Thursday, August 07, 2008

Mixed Verdict in Hamdan

The jurors in the military case against Salim Hamdan, the personal driver of Osama bin Laden who was captured in Afghanistan in 2001, and whose prior appeal resulted in the United States Supreme Court ruling that a military tribunal for trying enemy combatants must be created by Congress rather than the President, have handed down a mixed verdict. The BBC reports:

The jury found Hamdan guilty of five of eight charges of supporting terrorism but acquitted him of two separate, more serious, charges of conspiracy.

The fact that the verdict was mixed despite having the system stacked against Hamdan certainly belies the claim that the tribunals are nothing but kangaroo courts. (Depending on your perspective, the mixed verdict may even be evidence that there was hardly a case against Hamdan to begin with.) To be sure, problems still exist with the tribunals as they are set up. For example, there is still use of "secret evidence", although for a large part the tribunals as created by Congress are far more open than the initial creation of the President. Nevertheless, the indication seems to be that things are edging in the right direction.

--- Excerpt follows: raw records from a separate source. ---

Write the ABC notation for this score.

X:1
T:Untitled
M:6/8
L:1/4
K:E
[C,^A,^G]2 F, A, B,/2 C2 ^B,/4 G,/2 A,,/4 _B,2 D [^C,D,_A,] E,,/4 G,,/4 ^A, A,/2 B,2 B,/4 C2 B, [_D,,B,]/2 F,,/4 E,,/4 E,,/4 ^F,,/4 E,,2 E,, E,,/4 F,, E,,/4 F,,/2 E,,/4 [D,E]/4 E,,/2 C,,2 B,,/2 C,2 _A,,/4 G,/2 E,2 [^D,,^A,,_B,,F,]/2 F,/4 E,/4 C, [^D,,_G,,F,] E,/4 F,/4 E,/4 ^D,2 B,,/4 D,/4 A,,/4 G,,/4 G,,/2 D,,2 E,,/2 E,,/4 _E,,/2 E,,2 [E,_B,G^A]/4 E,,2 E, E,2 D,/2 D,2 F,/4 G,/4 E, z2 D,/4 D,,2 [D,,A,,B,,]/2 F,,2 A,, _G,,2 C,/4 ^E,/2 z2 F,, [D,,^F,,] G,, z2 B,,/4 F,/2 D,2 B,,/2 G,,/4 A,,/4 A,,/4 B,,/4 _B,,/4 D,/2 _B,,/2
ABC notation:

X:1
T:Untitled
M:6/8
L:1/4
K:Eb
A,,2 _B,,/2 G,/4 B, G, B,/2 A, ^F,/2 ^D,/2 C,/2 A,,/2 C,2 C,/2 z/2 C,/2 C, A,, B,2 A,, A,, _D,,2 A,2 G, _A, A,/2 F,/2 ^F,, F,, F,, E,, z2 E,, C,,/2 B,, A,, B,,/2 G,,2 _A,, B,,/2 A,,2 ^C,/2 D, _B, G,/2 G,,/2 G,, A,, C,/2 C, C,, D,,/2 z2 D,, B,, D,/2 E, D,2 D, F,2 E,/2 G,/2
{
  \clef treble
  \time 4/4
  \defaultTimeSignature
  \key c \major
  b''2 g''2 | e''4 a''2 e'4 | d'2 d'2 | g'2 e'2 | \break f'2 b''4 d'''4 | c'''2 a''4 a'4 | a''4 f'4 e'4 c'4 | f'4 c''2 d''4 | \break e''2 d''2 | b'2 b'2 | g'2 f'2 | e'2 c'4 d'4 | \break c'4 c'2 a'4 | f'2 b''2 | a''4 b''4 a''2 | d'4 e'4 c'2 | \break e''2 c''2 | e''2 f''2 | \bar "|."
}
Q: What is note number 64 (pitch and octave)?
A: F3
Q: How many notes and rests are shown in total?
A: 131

Finally, as The Economist notes, in the context of the future trial of Khalid Sheikh Mohammed, the planner of the 9/11 attacks:

Those who want accountability for the September 11th attacks may come to conclude that the full force of a proper American trial, long and often frustrating though it may be, would render a more satisfying form of justice.

There is certainly a strong philosophical argument that the problem of terrorism is not one that is amenable to judicial procedures, and should be dealt with by force of arms. Yet even all but the most extreme proponents of this perspective can concede that force of arms alone would not be sufficient. In addition, even in the military there is a system of justice and a system of courts. Further, that there is such seems to be a character trait of Americans, who are famously litigious. And even if force of arms ought to be used as a tool in dealing with terrorism, surely litigation, an art refined by Americans, can and ought to be a tool as well. It is the uniquely American thing to do.